水温が下がり始めると海の透明度が増し、小魚たちの姿がはっきりと見えてきます。

カキじいさんの子供のころの記憶でも、この季節、舞根(もうね)湾には暖流に棲む小魚が回遊してきます。

はっきりとした横縞のイシダイの子供、背鰭の端っこが付きだしているツノダシ、チョウチョウウオもいました。

先日、桟橋の下をのぞきましたら、鮮やかな瑠璃色の小魚がいました。

ソラスズメダイです。これは初めて見ました。

急いでカキばあさんにカメラを持ってきて撮るようにと電話をしました。

毎年、十月末、趣味の写真展があるのですが、今年はまだいい写真が撮れていない、と焦っていたからです。

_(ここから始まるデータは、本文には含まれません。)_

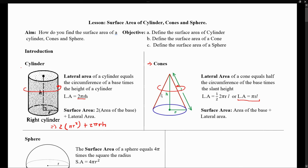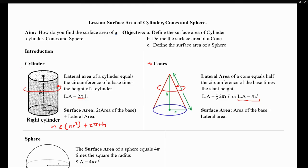The surface area of the cone is the lateral area plus the area of the base. The area of the base is a circle, so the full surface area becomes πRL plus πR².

水深10メートルまで大丈夫という、買ったばかりのデジカメを片手に息を切らせてやってくると、早速撮影開始です。

ちょろちょろと動きますので、そう簡単ではありません。


「じっとしてちょうだい!!」


何度もそんなことを小魚に話しかけては、必死にシャッターを切りますが、画面を確認しますとピンボケばかり。


「あーあ、今年は展示するのをやめようかしら!!」と、あきらめ声が舞根湾にこだまします。


「じっとしているヤツを撮ったら、、、?」と助け舟を出しました。


ふと海を覗きこむと、この辺りで『マラダシ』(この辺りではなまって『マラダス』)と呼ぶ魚がいます。

岩の様にじっとしていて、小魚が近寄ると大きな口を開けてパクリッとやる厳つい顔の小魚です。

お腹を触るとぴょこんと“突起物”が飛び出してくるので、そんな「不名誉な」名が付いたのですが、その本当の和名は「アサヒアナハゼ」。


実は、その“突起物”はホヤなどの水管に差し入れて卵を産むための産卵管なのです。

つまり、そういう格好をしているのは「女性」、、、だったという訳です。


昨日、展示会場に足を運んでみましたが、海や山の風景写真が多い中で、異色の作品がありました。

タイトルは「海の哲学者」。

カキじいさんが付けてあげたお気に入りのタイトルだったのですが、どういう訳かその下にカッコ書きで「マラダシ」と、、、。

ご婦人客が多く、この写真について質問されたら返答に窮すると思い、早々に退散しました。




海辺に落葉が漂いだすこの季節、いよいよ牡蠣が美味しくなってきました。